[Peace-discuss] tree-spiking, population control, guilt by association

Ricky Baldwin baldwinricky at yahoo.com
Mon Feb 6 22:36:28 CST 2006


Folks,

This exchange began after a newcomer at a recent AWARE
meeting proposed a working group on “population
control”.  The tradition of AWARE has been that if
someone has an idea for a project, they may solicit
input but they do not need the permission of others in
the group or consensus to proceed.  If they find
others who will work with them, they can make their
own decisions.  In the case that nobody “bites”,
however, the idea dies.  It appears that the
population control idea may meet exactly that fate, as
the idea seems to find no takers but has met a great
deal of consternation.

I think I expressed my opinion on that subject at the
meeting this Sunday.  But basically I believe the big
question on “population control” is who is it in
control.  If people want access to information or
services to help them to have smaller families, or
form farmer cooperatives, or whatever, that’s one
thing.  If a group of people wants to tell another
group of people they have to have less - or more -
children than they want, that’s quite another.  I may
say more about that in a separate post (and you may
pray that I don’t, but I still may, ‘cause I can be
difficult like that).

But along the way, a number of comments were made to
the effect that birth control and/or population
control advocates are not to be trusted because they
just want to get rid of poor people, and the proof is
in their history and associations: Social Darwinism,
Earth First!, etc.  If I’m mischaracterizing the
arguments, please correct me.  I don’t find such
proofs too convincing, usually, so it’s possible that
I’m overstating my case.  In general if I were
persuaded to disavow causes based on history and
associations I could certainly never be anti-war or an
anti-imperialist.  Outspoken advocates of these ideas
have held some pretty heinous notions alongside their
anti-war or anti-imperialist ideas, after all.  
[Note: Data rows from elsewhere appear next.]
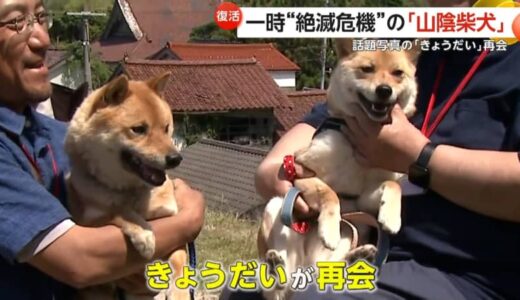 【復活】「奇跡の1枚」のきょうだいも再会　一時“絶滅危機”の「山陰柴犬」鑑賞会…約50匹集まる　鳥取・湯梨浜町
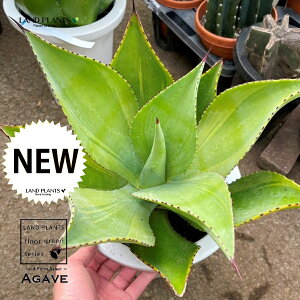 AKxi{be[j 8 vX`bN 1 AG{be[ Agave
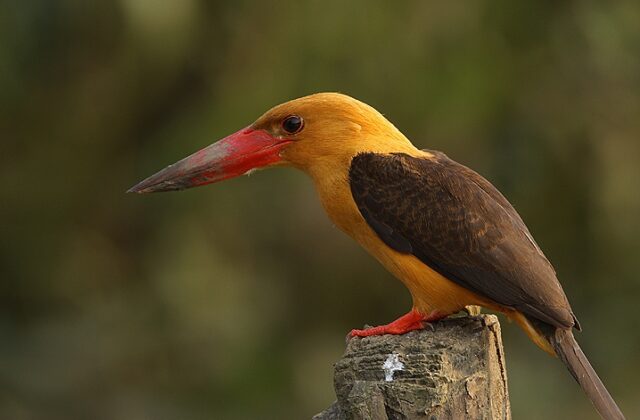 Brown-winged Kingfisher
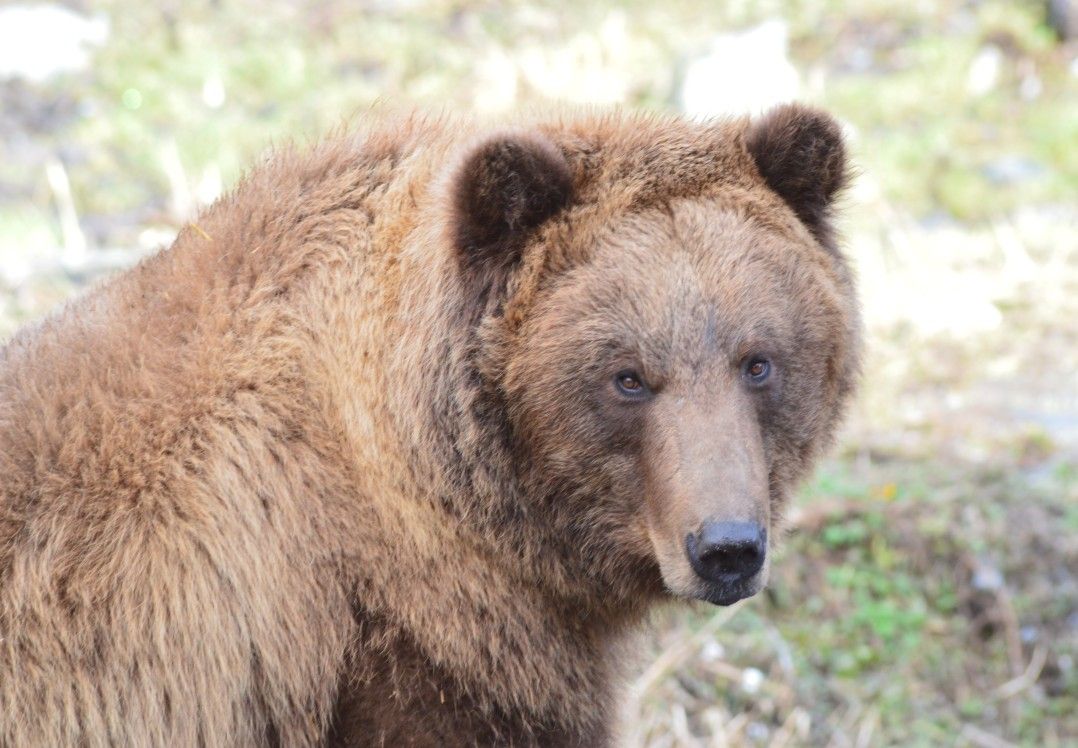 Fortress of the Bear at Substation Seattle, 25 July | Event in Seattle | AllEvents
For example, several leaders of the anti-imperialist
movement opposing the Spanish-American War and later
against the suppression of Filipino rebels (US troops
“freed” the Philippines from Spain and then decided
not to leave) were also virulently anti-immigrant. 
They argued, in fact, that annexing the Philippines,
Puerto Rico, Cuba, Hawaii, and other places inhabited
by people perceived as the wrong color would have the
same bad effect as immigration: degrading, in their
view, our sacred American institutions, traditions,
etc.  You still hear this sort of thing around, as I’m
sure folks know, and some of it is from folks who
oppose the current wars in Iraq and other foreign
places (they don’t deserve our help, don’t Americans
come first?, etc.).  I happen to think that opposing
war and imperialism was the right position at the time
anyway, as it is now.

A few years ago I also ran into people who believed
that NAFTA opponents were just racists who didn’t want
their jobs going to anyone else.  Certainly there were
those.  It didn’t mean that opposing NAFTA was wrong,
which I think most of us did and for the right
reasons.

Anyway, somewhere in this discussion the subject of
tree-spiking came up, I think as an example of how
advocates of smaller human populations don’t care
about human life.  Certainly there are those elitists,
Social Darwinists, etc., who deserve every bit of this
scorn.  And I think I said at the time that I agreed
with most of what was said.  I intended to quibble
about a few things (as I do) after I found out how the
whole thing got started.  Once I found out, by the
way, I could understand how everyone got so excited,
but frankly I don’t think it’s leading anywhere. 
Anyway I think I‘ve said my piece on that.  But since
then the tree-spiking remark led to so much anger and
so many questions that I think it deserves a little
more explanation.  And besides, I promised to clarify
it.

What I said was that tree-spiking gets a bad rap,
meaning that the issue is hyped out of proportion and
there is a lot of mythology around it.  I do not
advocate it, just to reiterate that.  I just think
it’s important to know the truth, particularly when
powerful interests have every reason to distort it. 
In this case, those interests would be the US
government and big logging companies.  So let’s be
clear.

Tree-spiking started in the late 1800s.  It was a
tactic used by disgruntled workers, unions and by
landowners to prevent logging in certain areas, by
certain companies or by non-union workers.  Radical
environmentalists and owners of land that was being
encroached upon (logging companies sneaking over their
property lines) revived the practice in the late
1900s.  Though potentially dangerous, there is little
documented evidence of injury resulting from
tree-spiking.  

Labor and environmental activist Judi Bari, mentioned
before, renounced tree-spiking as Tom said, and was
followed by most of Earth First! -- all after a single
case in which a saw mill worker was badly hurt while
using a blade (that was unsafe due to OSHA
deregulation and his boss‘s contempt for the safety of
the workers, even though there had been numerous
complaints about the sorry state of this particular
blade).  The government was quick to accuse Earth
First! But there was no evidence that they had done
it, the victim blames his boss not Earth First!, and
FBI records later obtained revealed the name of
another suspect -- a nearby landowner who admitted
spiking his trees because logging companies had been
stealing trees off his land.  It’s not clear he did
this one either, by the way.  Judi Bari has actually
written on this, and it’s available online.  Maybe
I’ll post it separately.  It’s worth reading for what
it reveals about a number of related issues.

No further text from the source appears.